For more information, see the GitHub FAQs in the Python's Developer Guide.

classification
Title: iso6937 encoding missing
Type: enhancement Stage: resolved
Components: Library (Lib) Versions: Python 3.7
process
Status: closed Resolution: postponed
Dependencies: Superseder:
Assigned To: serhiy.storchaka Nosy List: John Helour, koffie, lemburg, loewis, mdk, serhiy.storchaka, vstinner, xiang.zhang
Priority: low Keywords:

Created on 2015-05-31 13:20 by John Helour, last changed 2022-04-11 14:58 by admin. This issue is now closed.

Files
File name Uploaded Description Edit
iso6937.py John Helour, 2015-06-05 18:10 New codec for the iso6937 encoding (Python 3 version), full charset
check_iso6937.py mdk, 2016-11-13 22:11
iso6937.py John Helour, 2016-11-26 15:43 Newer codec for the iso6937 encoding, PEP8 compliant, added missing codepoints, utf-8 to \uXXXX rewrited, increased range of the encoding map
check_iso6937.py John Helour, 2016-12-04 12:56 Check encoding and decoding
iso6937.py John Helour, 2016-12-04 12:59 Newer codec for the iso6937 encoding, performance issue resolved, more info on error added
Messages (32)
msg244538 - (view) Author: John Helour (John Helour) * Date: 2015-05-31 13:20
Please add encoding for the iso6937 charset. Many settopboxes (DVB-T/S) and relevant devices uses it for displaying EPG, videotext, etc.

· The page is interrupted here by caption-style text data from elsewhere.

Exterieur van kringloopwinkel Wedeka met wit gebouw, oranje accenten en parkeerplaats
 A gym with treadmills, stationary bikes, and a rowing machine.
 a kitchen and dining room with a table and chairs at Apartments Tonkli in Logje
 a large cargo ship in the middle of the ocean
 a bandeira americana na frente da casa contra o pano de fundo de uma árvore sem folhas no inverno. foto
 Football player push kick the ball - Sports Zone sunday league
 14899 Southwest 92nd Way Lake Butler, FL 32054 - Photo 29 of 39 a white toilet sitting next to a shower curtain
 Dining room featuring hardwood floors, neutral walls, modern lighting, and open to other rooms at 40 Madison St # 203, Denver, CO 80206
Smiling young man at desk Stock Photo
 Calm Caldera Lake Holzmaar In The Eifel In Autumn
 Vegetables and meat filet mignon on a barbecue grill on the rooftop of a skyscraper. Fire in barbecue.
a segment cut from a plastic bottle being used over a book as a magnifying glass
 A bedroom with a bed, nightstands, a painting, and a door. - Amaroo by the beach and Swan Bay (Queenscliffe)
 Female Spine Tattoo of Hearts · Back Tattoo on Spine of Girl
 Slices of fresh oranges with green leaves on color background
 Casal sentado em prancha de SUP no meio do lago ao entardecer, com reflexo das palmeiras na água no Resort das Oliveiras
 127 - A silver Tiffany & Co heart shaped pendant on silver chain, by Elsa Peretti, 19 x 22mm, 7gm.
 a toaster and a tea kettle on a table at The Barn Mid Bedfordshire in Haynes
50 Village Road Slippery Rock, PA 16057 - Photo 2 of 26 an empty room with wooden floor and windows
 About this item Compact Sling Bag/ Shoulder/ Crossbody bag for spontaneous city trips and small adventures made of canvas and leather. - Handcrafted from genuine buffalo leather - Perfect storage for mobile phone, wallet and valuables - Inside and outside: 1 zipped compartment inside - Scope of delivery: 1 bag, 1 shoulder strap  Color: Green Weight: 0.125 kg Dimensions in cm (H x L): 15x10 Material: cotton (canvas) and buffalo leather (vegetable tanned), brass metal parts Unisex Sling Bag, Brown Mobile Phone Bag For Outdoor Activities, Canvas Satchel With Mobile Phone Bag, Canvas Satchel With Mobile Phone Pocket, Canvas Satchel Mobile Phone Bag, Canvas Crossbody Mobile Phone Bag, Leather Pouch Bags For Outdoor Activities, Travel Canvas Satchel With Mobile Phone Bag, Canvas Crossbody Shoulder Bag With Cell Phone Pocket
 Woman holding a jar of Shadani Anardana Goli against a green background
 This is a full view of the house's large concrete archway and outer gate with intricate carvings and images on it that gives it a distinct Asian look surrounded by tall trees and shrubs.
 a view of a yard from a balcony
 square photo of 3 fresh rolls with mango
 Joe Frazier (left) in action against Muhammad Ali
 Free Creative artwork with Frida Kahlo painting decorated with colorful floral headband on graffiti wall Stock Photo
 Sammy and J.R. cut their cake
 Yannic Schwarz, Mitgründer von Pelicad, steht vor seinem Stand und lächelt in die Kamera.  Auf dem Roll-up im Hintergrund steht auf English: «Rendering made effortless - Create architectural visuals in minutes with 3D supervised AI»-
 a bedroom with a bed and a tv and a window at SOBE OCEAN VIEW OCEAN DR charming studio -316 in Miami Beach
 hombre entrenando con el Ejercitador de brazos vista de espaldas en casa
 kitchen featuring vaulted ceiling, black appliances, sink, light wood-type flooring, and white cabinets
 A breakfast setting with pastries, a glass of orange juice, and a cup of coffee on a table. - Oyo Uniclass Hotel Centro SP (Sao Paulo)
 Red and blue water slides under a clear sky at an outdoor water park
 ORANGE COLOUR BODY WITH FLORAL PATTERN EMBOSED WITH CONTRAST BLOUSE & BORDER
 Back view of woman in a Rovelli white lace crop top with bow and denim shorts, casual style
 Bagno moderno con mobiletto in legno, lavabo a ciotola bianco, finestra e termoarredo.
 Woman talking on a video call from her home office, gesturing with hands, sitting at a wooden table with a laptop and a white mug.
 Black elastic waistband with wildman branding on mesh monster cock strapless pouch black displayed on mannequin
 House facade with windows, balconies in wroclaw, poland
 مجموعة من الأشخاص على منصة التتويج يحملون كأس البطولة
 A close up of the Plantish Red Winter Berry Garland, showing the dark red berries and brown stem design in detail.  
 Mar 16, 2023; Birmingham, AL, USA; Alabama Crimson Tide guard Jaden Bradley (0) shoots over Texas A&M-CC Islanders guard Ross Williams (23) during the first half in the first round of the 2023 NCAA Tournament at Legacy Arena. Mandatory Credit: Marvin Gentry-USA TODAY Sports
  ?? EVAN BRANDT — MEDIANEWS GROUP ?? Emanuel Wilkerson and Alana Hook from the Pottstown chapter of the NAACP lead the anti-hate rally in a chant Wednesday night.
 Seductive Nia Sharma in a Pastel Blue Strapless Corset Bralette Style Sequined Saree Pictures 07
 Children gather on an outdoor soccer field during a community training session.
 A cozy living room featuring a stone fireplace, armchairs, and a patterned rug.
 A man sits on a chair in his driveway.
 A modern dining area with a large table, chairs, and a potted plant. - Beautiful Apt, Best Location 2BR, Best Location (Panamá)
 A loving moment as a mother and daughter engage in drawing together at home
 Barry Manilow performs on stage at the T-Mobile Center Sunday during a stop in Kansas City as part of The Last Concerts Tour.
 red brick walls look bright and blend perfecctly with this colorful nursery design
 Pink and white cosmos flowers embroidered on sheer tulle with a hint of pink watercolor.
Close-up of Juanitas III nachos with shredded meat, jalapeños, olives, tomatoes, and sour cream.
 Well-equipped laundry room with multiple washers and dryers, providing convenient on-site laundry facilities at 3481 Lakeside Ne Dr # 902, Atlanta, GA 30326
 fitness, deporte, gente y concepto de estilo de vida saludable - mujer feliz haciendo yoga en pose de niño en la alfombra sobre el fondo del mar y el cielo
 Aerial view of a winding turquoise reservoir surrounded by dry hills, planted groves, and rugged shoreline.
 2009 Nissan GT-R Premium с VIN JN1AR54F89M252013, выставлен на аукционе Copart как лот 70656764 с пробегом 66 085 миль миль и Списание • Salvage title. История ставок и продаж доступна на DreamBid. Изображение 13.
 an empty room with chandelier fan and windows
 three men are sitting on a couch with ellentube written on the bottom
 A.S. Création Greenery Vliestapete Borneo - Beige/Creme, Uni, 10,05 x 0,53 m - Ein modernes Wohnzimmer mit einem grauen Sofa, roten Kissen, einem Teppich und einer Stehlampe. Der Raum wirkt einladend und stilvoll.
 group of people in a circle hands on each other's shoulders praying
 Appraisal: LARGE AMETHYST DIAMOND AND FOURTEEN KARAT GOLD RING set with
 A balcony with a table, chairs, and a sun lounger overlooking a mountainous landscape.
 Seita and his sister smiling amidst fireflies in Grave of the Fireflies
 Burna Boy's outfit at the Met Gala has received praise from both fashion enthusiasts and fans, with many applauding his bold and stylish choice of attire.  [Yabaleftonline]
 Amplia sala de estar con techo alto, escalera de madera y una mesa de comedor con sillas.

I've wrote (please look at the attached file) the encoding/decoding conversion codec some years ago.
msg244540 - (view) Author: Serhiy Storchaka (serhiy.storchaka) * (Python committer) Date: 2015-05-31 14:31
New encoding can be added only in new Python release (3.6).
msg244576 - (view) Author: John Helour (John Helour) * Date: 2015-06-01 11:20
I've rewrote the iso6937 codec into Python 3. 

Could someone check it please?
msg280720 - (view) Author: Julien Palard (mdk) * (Python committer) Date: 2016-11-13 22:11
Hi John, thanks for your contribution,

Looks like your implementation is missing some codepoints, like "\t":

    >>> print("\t".encode(encoding='iso6937'))                                                                                     
    [...]
    UnicodeError: encoding with 'iso6937' codec failed (UnicodeError: Unacceptable utf-8 character)

Probably due to the "range(0x20, "…, why `0x20`?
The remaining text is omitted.